Though it's long been focused on organic growth, semiconductor maker Analog Devices (NASDAQ: ADI ) recently announced its intention to make a big acquisition this quarter, buying fellow chip maker Hittite Microwave (NASDAQ: HITT ) . Let's take a look at the details of the deal, the rationale behind the acquisition, and what this might mean for ADI and Hittite down the line.
About the acquisition
ADI's offer price for Hittite is $78 per share, or about $2.45 billion, representing an enterprise value of approximately $2 billion. According to Bloomberg, this will be the largest acquisition of a U.S. chipmaker so far this year.

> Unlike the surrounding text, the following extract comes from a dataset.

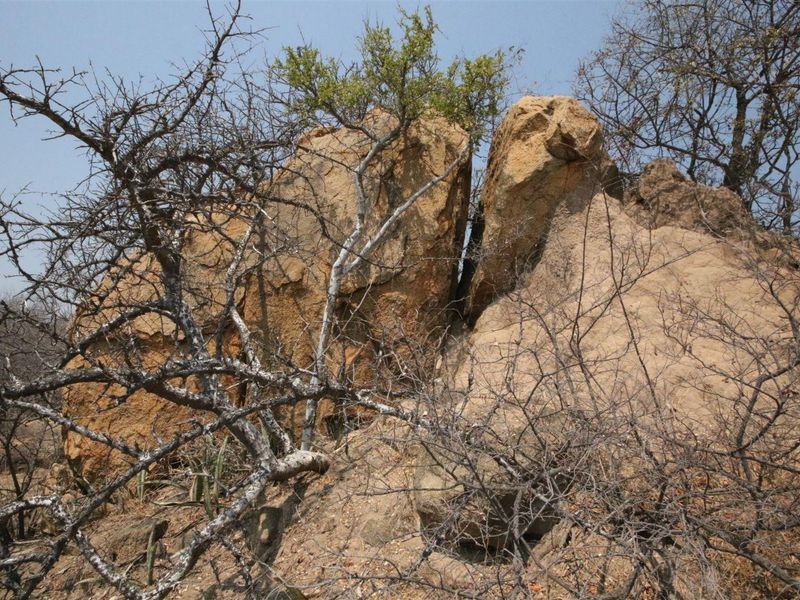 Exclusivity and quietness is the name of the game. - Photo 8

The deal will be financed through a combination of cash and short-term debt, and is expected to close by the end of Analog Devices' current fiscal quarter.
Analog Devices' offer price represents a 29% premium over the level at which Hittite shares were trading. Following the announcement, Hittite shares jumped predictably to around $78, and ADI's shares also rose 5%, suggesting the market's generally favorable view of this deal.
Analog Devices makes a range of analog chips, such as data converters and amplifiers, including RF-integrated circuits. Hittite also provides RF chips, but it also has a strong portfolio of microwave and millimeter wave products. Analog Devices' management claims that the two companies have focused on different parts of the frequency spectrum, and that they have largely complementary offerings. As a result, there is not a lot of revenue overlap.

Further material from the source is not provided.